Re: icons for languages



Hi Roozbeh,

Roozbeh Pournader wrote:
On Tue, 2005-09-13 at 14:58 +0200, Gudmund Areskoug wrote:

How about a tiny map, indicating the region where that language is traditionally spoken, with the language name in its own script(s)?

Region maps are also controversial, specially when the language has no nation behind it. Kurdish is most famous example. You can't draw a non- controversial map of Greater Kurdistan with going head to head with Arabs, Turks, Azerbaijanis, and Persians.

I know, that's why I indicated "region", not "country". No matter what one thinks of e. g. Greater Kurdistan, it's hard to dispute there's currently a substantial group of people living and speaking Kurdish in a given geographic location.
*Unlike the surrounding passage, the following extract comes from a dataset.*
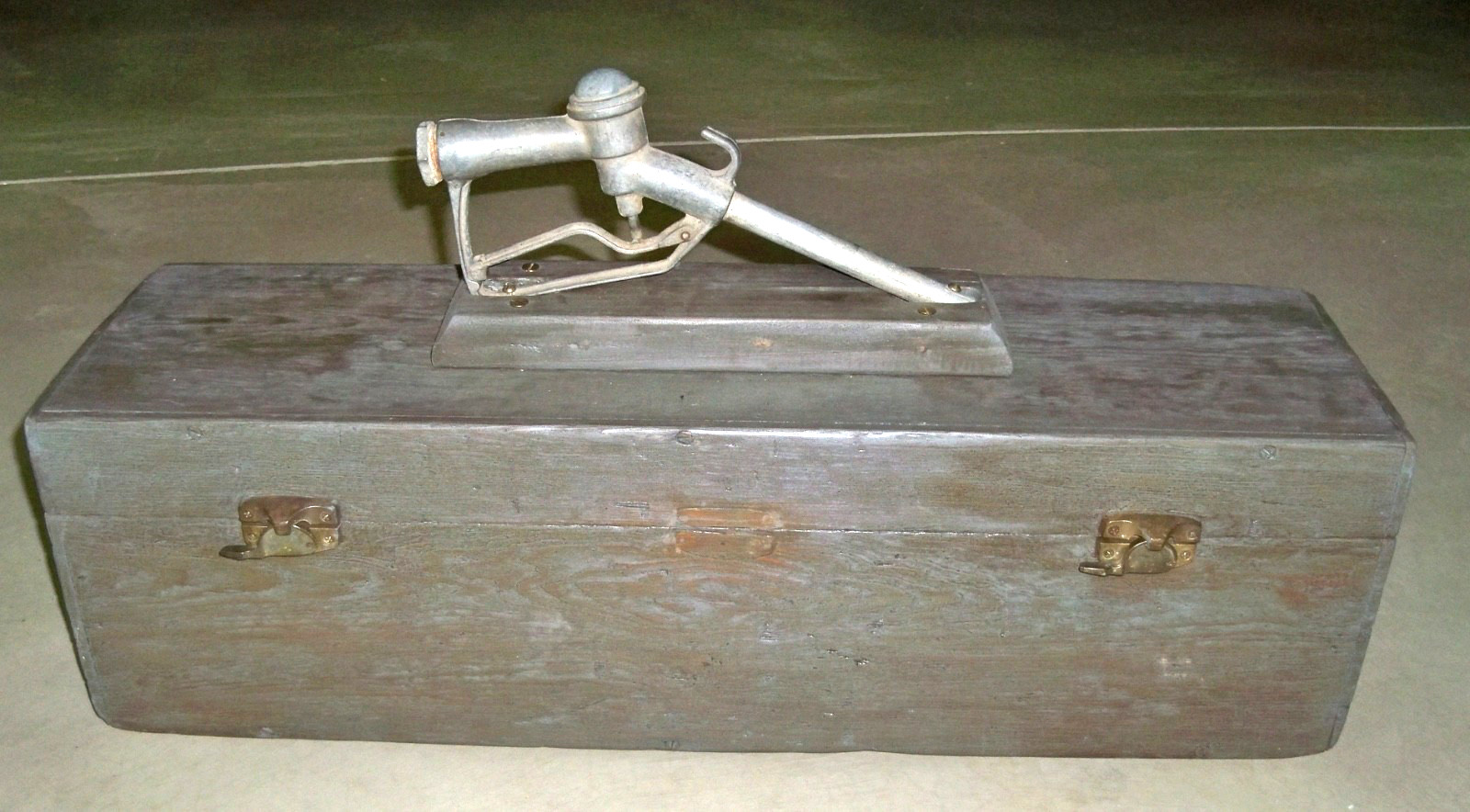 Large Carpenter’s Tool Box w/Old Gas Pump Handle ~ One of A Kind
As I said in my reply to Tor, perhaps make "is traditionally spoken" "is still traditionally spoken" or "is currently regularly spoken", or even "is currently expected to be spoken".

If we mix history into it, we'll have a true quagmire...

You can't simply add all the countries that have native speakers either.
Country maps are also very controversial (Taiwan, Nagorno-Karabakh,
Kashmir, Transnistria, South Ossetia, etc. come to mind).

(BTW, the number of speakers is also a very controversial issue, but
that is in GNOME release notes anyway. Not that I have not objected a
few times.)

IMHO, managing to communicate might perhaps be more important than managing not to step on *anybody*'s toes.

Well, we should see how important those anybodys are. If we don't want to alienate them, we shouldn't.

Perhaps the "anybodys" should be challenged to come up with a better idea for communicating a language denotation graphically?


Perhaps sensitive groups could have a "hide offense" feature coupled to their own locale setting? ;)

Or make linking an icon - any icon the actual user wants - optional?